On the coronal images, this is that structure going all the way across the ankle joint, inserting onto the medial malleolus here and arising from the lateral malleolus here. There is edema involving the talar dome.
--------------------------------------------------
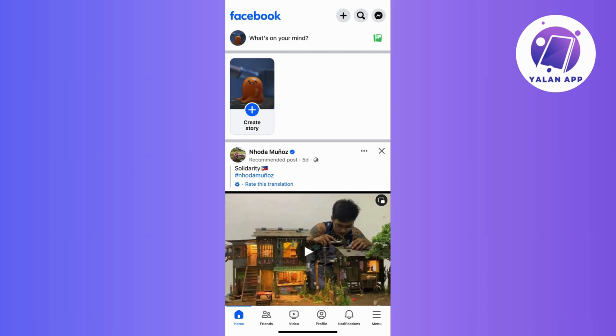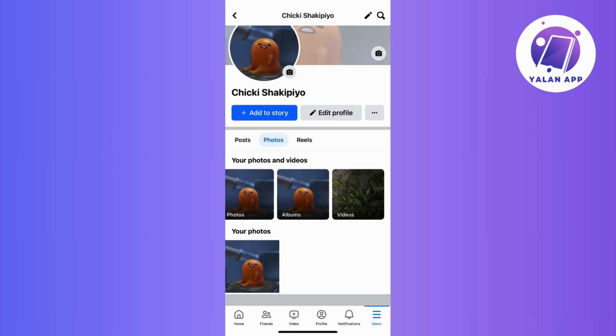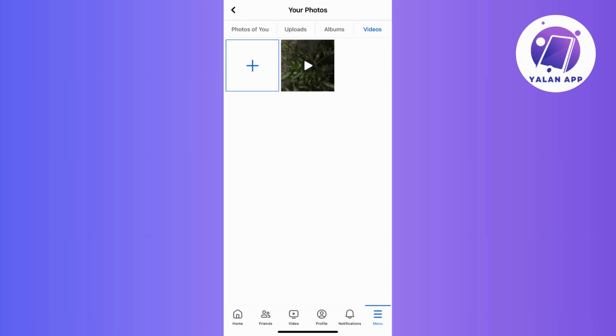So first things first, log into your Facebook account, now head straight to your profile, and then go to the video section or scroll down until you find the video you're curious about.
--------------------------------------------------
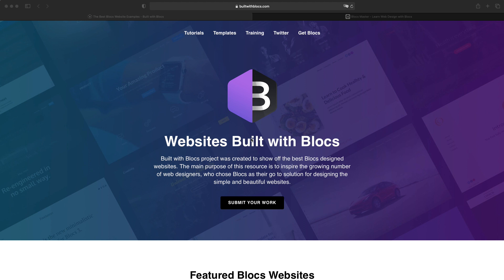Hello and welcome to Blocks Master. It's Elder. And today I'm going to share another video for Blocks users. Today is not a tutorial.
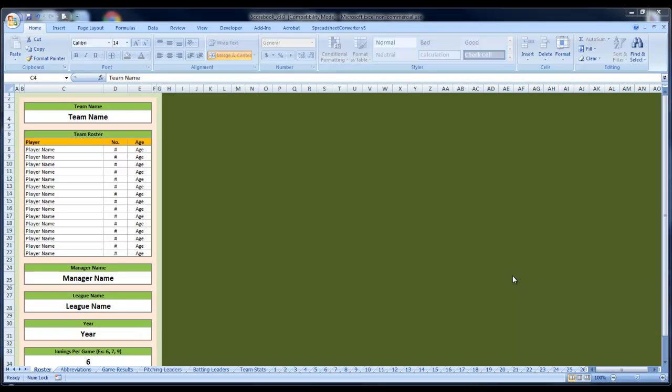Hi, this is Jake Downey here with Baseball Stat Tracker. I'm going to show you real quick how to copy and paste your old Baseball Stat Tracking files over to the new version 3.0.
--------------------------------------------------
Activity:
The lines to set down run from the line with "Hello and welcome" up to and including the line with "Hi, this is" in the entries above. Reproduce them exactly, with no pictures.

Solution for this exercise:
Hello and welcome to Blocks Master. It's Elder. And today I'm going to share another video for Blocks users. Today is not a tutorial.
Hi, this is Jake Downey here with Baseball Stat Tracker. I'm going to show you real quick how to copy and paste your old Baseball Stat Tracking files over to the new version 3.0.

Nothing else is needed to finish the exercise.